(Beginning of Entries supplied)
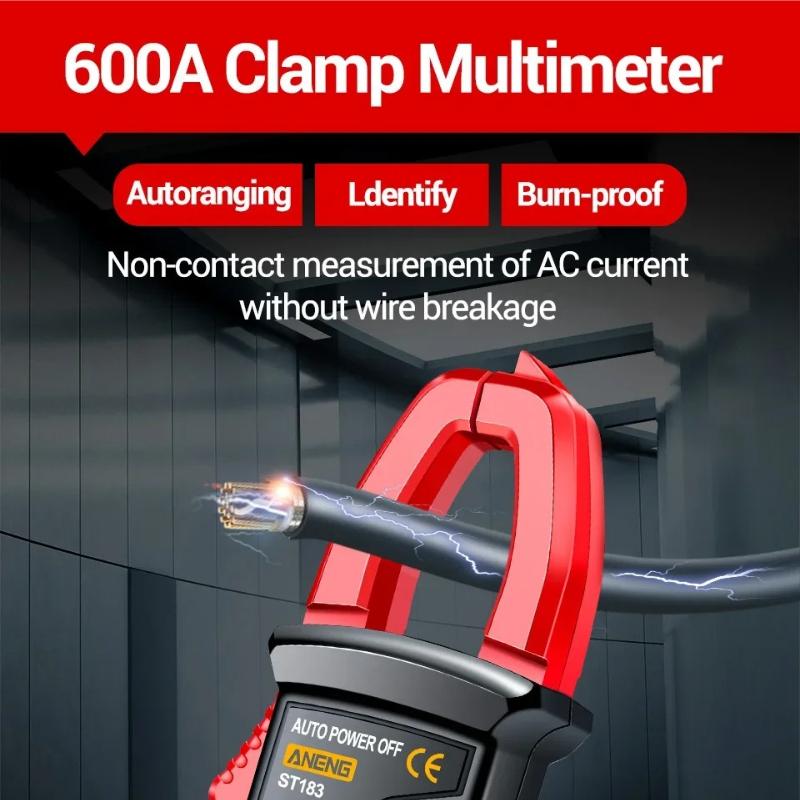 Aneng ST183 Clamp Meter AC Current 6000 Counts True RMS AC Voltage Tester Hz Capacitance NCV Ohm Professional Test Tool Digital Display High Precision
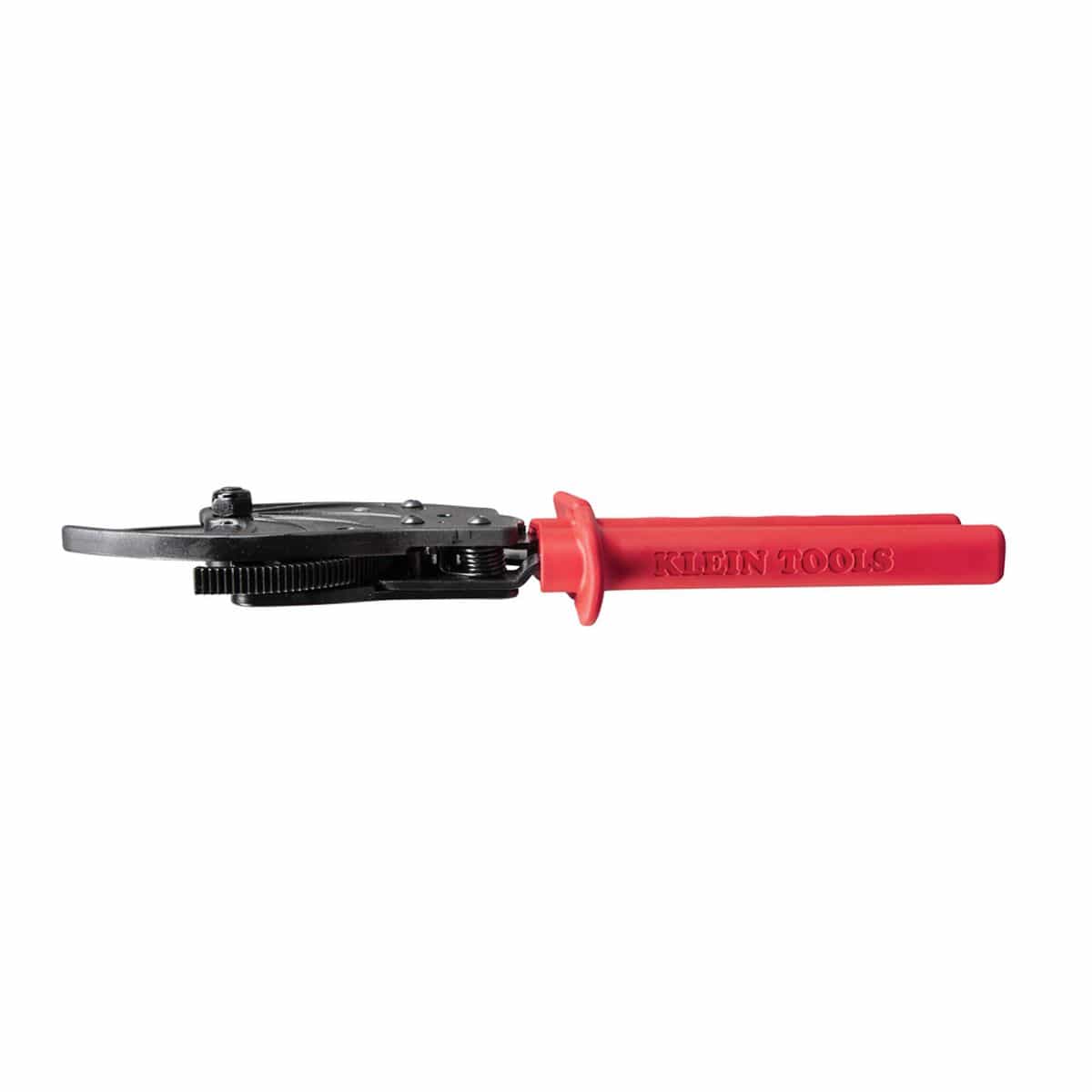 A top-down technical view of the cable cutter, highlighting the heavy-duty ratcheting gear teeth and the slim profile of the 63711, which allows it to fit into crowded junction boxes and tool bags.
(End of Entries supplied)
(Beginning of Entries supplied)
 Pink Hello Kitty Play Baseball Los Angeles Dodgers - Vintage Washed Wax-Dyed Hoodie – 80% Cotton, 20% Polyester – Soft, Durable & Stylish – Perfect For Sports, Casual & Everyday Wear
(End of Entries supplied)
(Beginning of Entries supplied)
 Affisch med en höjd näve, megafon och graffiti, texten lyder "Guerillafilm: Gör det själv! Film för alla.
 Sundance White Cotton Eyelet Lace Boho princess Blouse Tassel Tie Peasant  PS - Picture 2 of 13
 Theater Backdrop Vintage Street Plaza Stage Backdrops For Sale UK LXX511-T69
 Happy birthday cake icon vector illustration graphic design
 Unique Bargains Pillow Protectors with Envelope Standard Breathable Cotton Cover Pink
(End of Entries supplied)
Lines above that include the string "Cotton" need to be copied.

 Pink Hello Kitty Play Baseball Los Angeles Dodgers - Vintage Washed Wax-Dyed Hoodie – 80% Cotton, 20% Polyester – Soft, Durable & Stylish – Perfect For Sports, Casual & Everyday Wear
 Sundance White Cotton Eyelet Lace Boho princess Blouse Tassel Tie Peasant  PS - Picture 2 of 13
 Unique Bargains Pillow Protectors with Envelope Standard Breathable Cotton Cover Pink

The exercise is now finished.